In AlphaGo, the authors initialised a policy gradient network with weights trained from imitation learning. I believe this gives it a very good starting policy for the policy gradient network. the imitation network was trained on labelled data of (state, expert action) to output a softmax policy denoting the probability of actions for each state.

In my case, I would like to use weights learnt from the imitation network as initial starting weights for a DQN. Initial rewards from running the policy are high but start to decrease (for a while) as the DQN trains and later increases again.

This could suggest that the effect of initialising weights from the imitation network has little effect, since it kind of undo's the effect of initialising weights from the imitation network.

calveeen
  • 1,251
  • 7
  • 17
  • 1
    Could you clarify the training and transfer process? Are you training a policy network using imitation learning then copying the weights over to a value-predicting network? If you are doing so, could you clarify what the value range can be in your problem, and whether the value-predicting network uses any non-linearity in the output layer (the policy network presumaby uses softmax)? – Neil Slater Nov 14 '20 at 12:38
  • Hi Neil, yes i am training an imitation network using supervised learning first and then transferring the weights over to a value network. (The authors in alphaGo used a policy network instead). I am contemplating whether the transfer of weights would work for a value network rather than for a policy gradient network. The rewards in the problem uses sparse rewards which is observed only after long time steps, which is why I am using imitation learning to learn a good initial policy first. – calveeen Nov 14 '20 at 12:54
  • @calveeen Please, clarify what your main **specific** question is. Right now, that's not clear.

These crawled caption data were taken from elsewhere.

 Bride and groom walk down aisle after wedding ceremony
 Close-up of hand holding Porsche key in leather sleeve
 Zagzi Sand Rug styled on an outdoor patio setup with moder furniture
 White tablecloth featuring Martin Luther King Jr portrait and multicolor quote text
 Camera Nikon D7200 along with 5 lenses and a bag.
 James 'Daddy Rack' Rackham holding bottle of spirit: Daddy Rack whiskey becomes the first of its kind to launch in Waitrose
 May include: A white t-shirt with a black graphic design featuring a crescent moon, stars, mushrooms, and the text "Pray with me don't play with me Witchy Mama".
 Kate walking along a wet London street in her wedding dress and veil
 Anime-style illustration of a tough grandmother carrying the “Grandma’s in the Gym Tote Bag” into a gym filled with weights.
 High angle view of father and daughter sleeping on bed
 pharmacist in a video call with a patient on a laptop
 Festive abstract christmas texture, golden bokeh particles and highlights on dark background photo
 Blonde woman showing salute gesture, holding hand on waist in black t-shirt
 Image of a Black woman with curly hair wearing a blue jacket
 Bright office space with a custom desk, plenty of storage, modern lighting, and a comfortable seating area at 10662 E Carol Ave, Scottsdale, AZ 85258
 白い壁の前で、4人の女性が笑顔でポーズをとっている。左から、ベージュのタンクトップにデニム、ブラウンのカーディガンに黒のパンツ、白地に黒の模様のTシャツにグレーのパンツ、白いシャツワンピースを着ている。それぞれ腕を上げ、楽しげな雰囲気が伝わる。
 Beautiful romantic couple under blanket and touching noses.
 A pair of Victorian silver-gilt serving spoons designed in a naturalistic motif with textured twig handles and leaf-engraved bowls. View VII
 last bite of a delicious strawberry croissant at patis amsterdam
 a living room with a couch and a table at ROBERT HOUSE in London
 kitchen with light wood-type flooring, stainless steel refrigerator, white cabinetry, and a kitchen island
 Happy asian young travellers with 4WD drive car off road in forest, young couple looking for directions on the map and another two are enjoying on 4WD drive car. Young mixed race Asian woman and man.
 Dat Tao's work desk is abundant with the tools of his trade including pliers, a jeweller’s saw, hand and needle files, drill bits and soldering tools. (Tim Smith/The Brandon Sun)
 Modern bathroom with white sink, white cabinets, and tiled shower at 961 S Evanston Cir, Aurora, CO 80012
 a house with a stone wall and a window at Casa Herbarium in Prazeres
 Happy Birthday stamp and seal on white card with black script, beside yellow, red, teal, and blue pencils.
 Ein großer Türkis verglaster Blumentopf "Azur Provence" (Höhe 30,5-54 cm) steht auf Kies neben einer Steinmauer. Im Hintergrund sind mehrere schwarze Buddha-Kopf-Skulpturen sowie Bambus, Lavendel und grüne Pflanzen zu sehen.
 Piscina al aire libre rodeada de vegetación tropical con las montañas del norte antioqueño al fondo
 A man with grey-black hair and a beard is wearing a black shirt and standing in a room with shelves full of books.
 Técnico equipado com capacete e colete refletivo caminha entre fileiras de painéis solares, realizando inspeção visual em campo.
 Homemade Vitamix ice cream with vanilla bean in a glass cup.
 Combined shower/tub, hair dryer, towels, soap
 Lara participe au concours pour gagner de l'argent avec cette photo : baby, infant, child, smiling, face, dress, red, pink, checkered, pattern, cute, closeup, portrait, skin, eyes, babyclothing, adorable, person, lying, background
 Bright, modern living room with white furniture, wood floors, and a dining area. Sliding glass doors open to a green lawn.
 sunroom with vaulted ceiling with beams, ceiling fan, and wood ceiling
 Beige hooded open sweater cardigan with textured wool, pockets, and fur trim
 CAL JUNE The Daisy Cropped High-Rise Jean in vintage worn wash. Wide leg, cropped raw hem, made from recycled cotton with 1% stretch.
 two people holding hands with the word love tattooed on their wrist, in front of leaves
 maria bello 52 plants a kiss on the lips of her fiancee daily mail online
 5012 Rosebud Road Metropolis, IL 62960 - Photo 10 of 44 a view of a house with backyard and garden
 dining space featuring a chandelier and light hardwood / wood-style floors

Do not ask "Might anyone have an opinion on this?", i.e. do not ask for opinions, but ask a question that can be answered _objectively_. Is your question: "_Can we initialize the weights of a value network (or DQN) with the weights of another value network trained with imitation learning?_ Why doesn't this seem to work for me?" It's not clear, from your description, what exactly are you training by imitation learning (i.e. supervised learning). Is it a value network or a policy? – nbro Nov 14 '20 at 14:12
  • I suppose a value network, otherwise, not sure how you would transfer the policy's weights to a value network. Moreover, it may also be a good idea to explain more in detail what you mean by "imitation learning", i.e. which imitation learning technique are you using. It's also not clear what reward shaping has to do with your question. – nbro Nov 14 '20 at 14:18
  • sorry i have edited to make the question a little more clearer – calveeen Nov 14 '20 at 14:50
  • Could you clarify what the value range can be in your problem, and whether the value-predicting network uses any non-linearity in the output layer? Typically a DQN uses linear output layer - is that the same in your case? – Neil Slater Nov 14 '20 at 15:19
  • To me, it's not clear yet what you obtain from the imitation learning phase, when you say "I would like to use weights learnt from the imitation network". In other words, is "imitation network" a value network (and not a policy) that you learn by imitation learning, right? Of course, this should be the case, but I just wanted you to clarify this. – nbro Nov 14 '20 at 15:31
  • @nbro: It is not possible to learn a value network via imitation learning, at least not by strict definitions. The data *could* be used in off-policy reinforcement learning - my deleted answer attempts to address what could go wrong there. However, I think I have now clarified that the OP is not doing that. Instead they have trained a policy network through imitation learning, and want to take advantage of that learning to set up a value-based method – Neil Slater Nov 14 '20 at 15:56
  • @NeilSlater Hm, well, it's true that if you have only a dataset of state-action pairs (i.e. without rewards and transitions), you cannot learn a value function (which is what I think you mean, though, in my mind, I hadn't restricted IL to those datasets, but also to any supervised way of learning a policy or value network with a dataset, which can be composed of just state-action pairs, or maybe it's a dataset like an experience replay, i.e. with transitions $(s, a, r, s')$). Now, the question is then: how can you initialize the value network with the policy network's weights? – nbro Nov 14 '20 at 16:02

1 Answers1

1

My understanding is that you are first training a policy network using imitation learning. Then you are adjusting that trained network in some way to be a value network for DQN. The most obvious change would be to remove softmax activation whilst keeping the network layer sizes identical. This would then present Q estimates for all actions from any given state.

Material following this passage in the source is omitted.